Segment Open
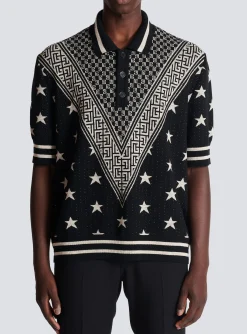 Balmain Monogram Stars Polo Shirt
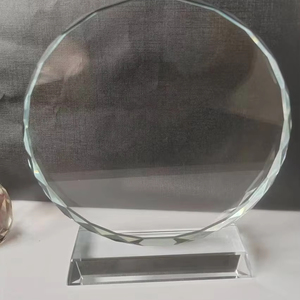 Factory Cheap Bulk Blank Round Glass Award Trophy Plate Custom 3d Laser Engraving logo Crystal Shield Trophy Award for Souvenir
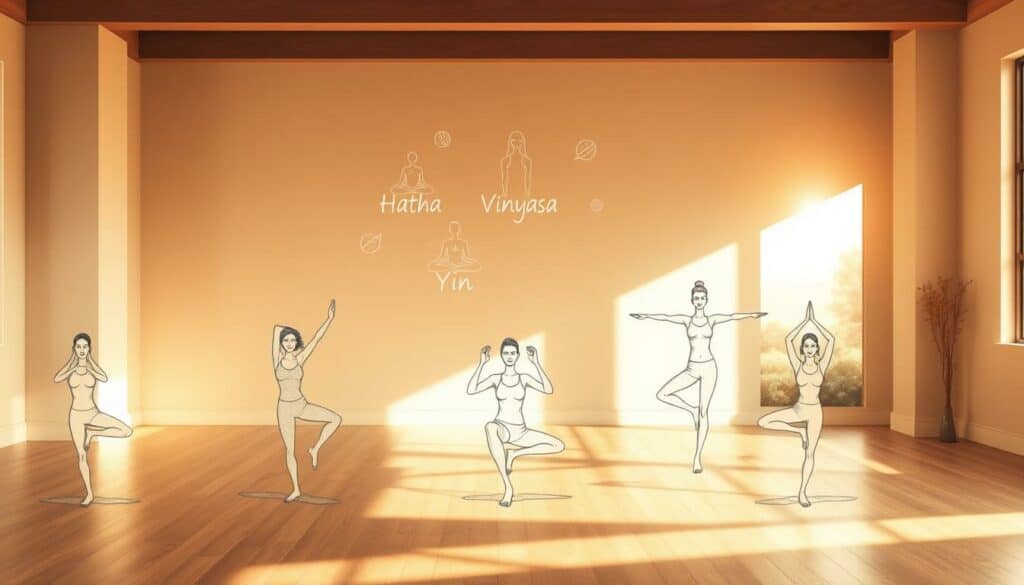 A serene yoga studio, bathed in warm, diffused lighting, with hardwood floors and minimalist decor. In the foreground, a collection of iconic yoga poses rendered in delicate pencil sketches, each complemented by a subtle splash of color to highlight their essence: the graceful tree pose, the powerful warrior, the peaceful child's pose. In the middle ground, wispy illustrations of various yoga styles float, such as Hatha, Vinyasa, and Yin, their forms softly intertwined. The background features a serene landscape, perhaps a tranquil garden or a sun-dappled forest, conveying a sense of harmony and balance. The overall aesthetic is one of understated elegance, inviting the viewer to imagine the transformative power of these beloved yoga practices.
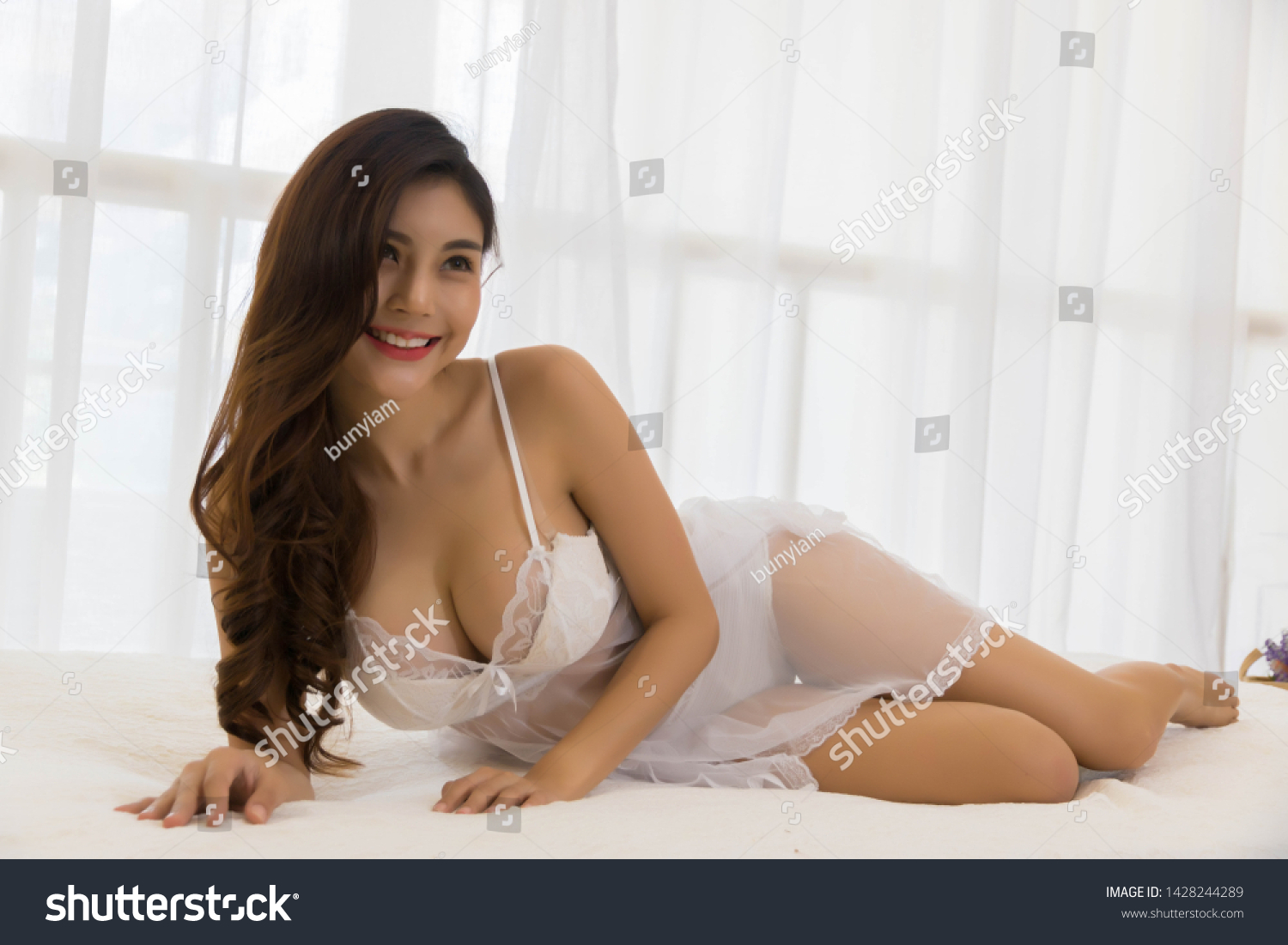 Portrait Charrming Sexy Woman Lingerie Lying Shutterstock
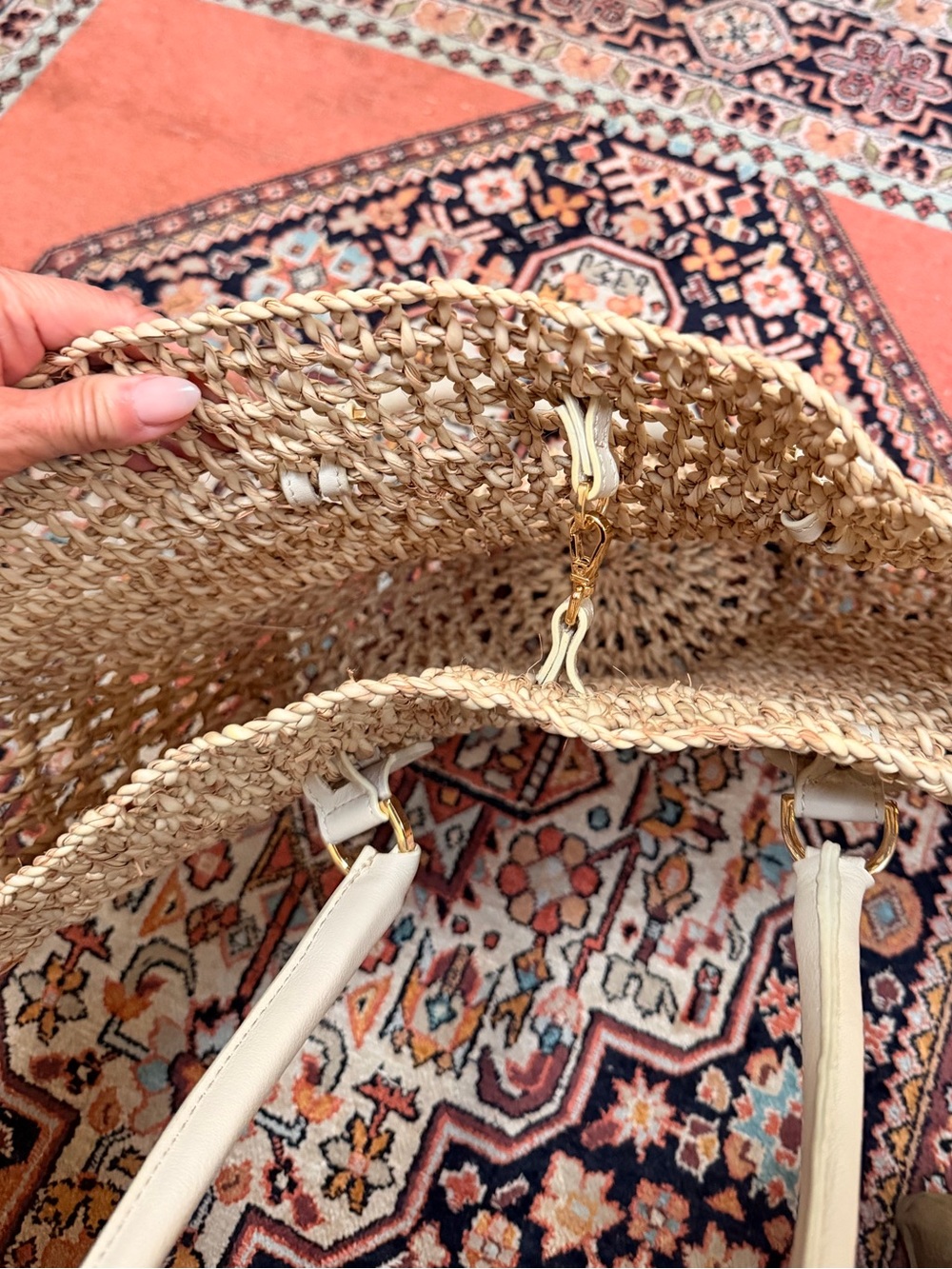 Eilaf Shamisa Braided Natural Straw Bucket Tote Ivory Leather Trim $395 - Picture 10 of 14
Segment Closed
Retype exactly, please, the span from the line holding "A serene yoga" through the closing line of the data, both ends included, without the pictures.

*Task result*
 A serene yoga studio, bathed in warm, diffused lighting, with hardwood floors and minimalist decor. In the foreground, a collection of iconic yoga poses rendered in delicate pencil sketches, each complemented by a subtle splash of color to highlight their essence: the graceful tree pose, the powerful warrior, the peaceful child's pose. In the middle ground, wispy illustrations of various yoga styles float, such as Hatha, Vinyasa, and Yin, their forms softly intertwined. The background features a serene landscape, perhaps a tranquil garden or a sun-dappled forest, conveying a sense of harmony and balance. The overall aesthetic is one of understated elegance, inviting the viewer to imagine the transformative power of these beloved yoga practices.
 Portrait Charrming Sexy Woman Lingerie Lying Shutterstock
 Eilaf Shamisa Braided Natural Straw Bucket Tote Ivory Leather Trim $395 - Picture 10 of 14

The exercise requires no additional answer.